- [Required work]: With the pictures omitted, write out all of the listing exactly.

- [Information provided]:
<<<<

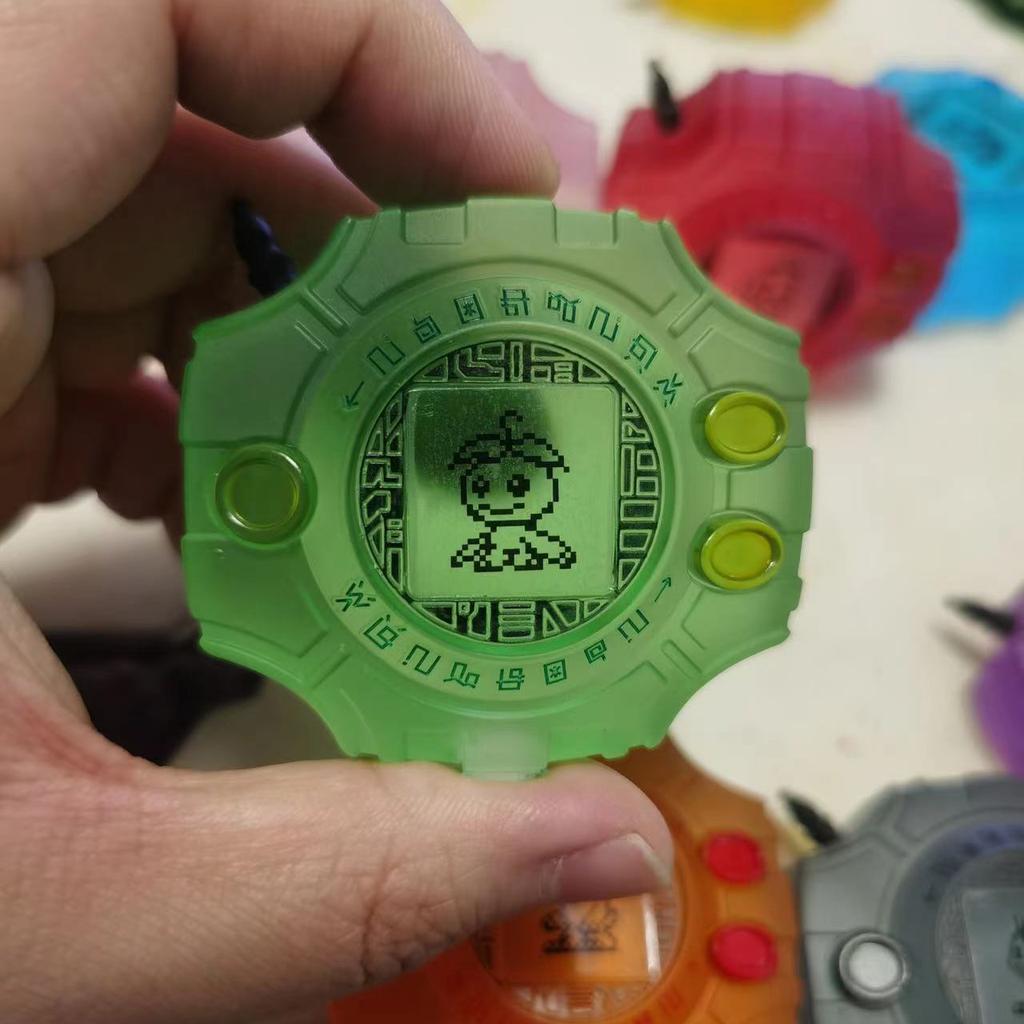 Digimon Digivice Agumon Garurumon Agumon Garurumon Mochimon Greymon Evolver Transparent Soft Glue Figure Model Toys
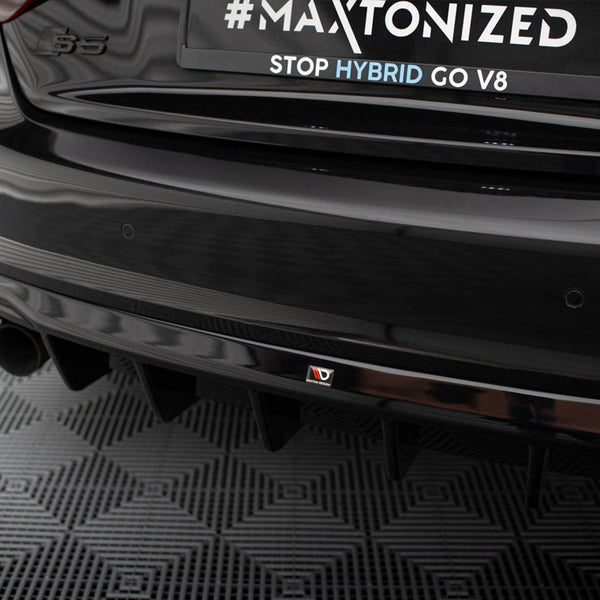 Audi - S5 / A5 S Line Coupe / Cabrio 8T (Version with single exhausts on both sides): Maxton Rear Diffuser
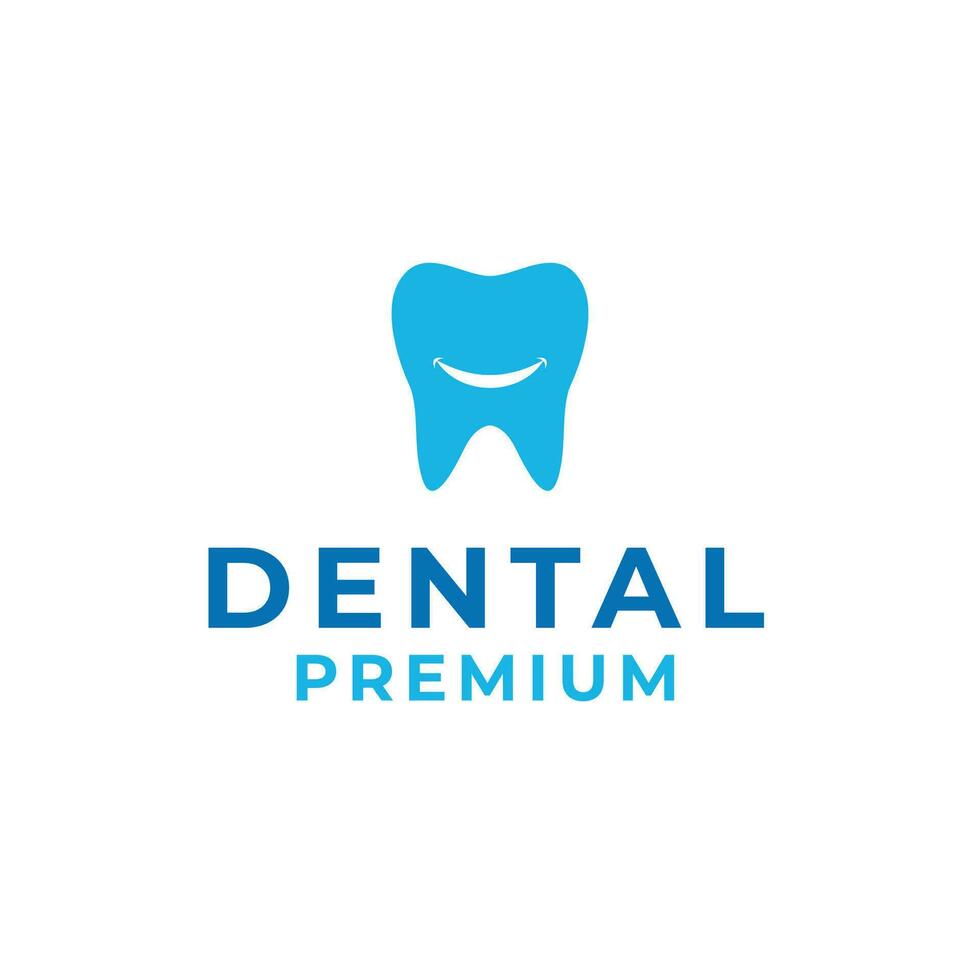 Creative dental clinic logo design illustration symbol icon vector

>>>>

- [Response to the task]:
 Digimon Digivice Agumon Garurumon Agumon Garurumon Mochimon Greymon Evolver Transparent Soft Glue Figure Model Toys
 Audi - S5 / A5 S Line Coupe / Cabrio 8T (Version with single exhausts on both sides): Maxton Rear Diffuser
 Creative dental clinic logo design illustration symbol icon vector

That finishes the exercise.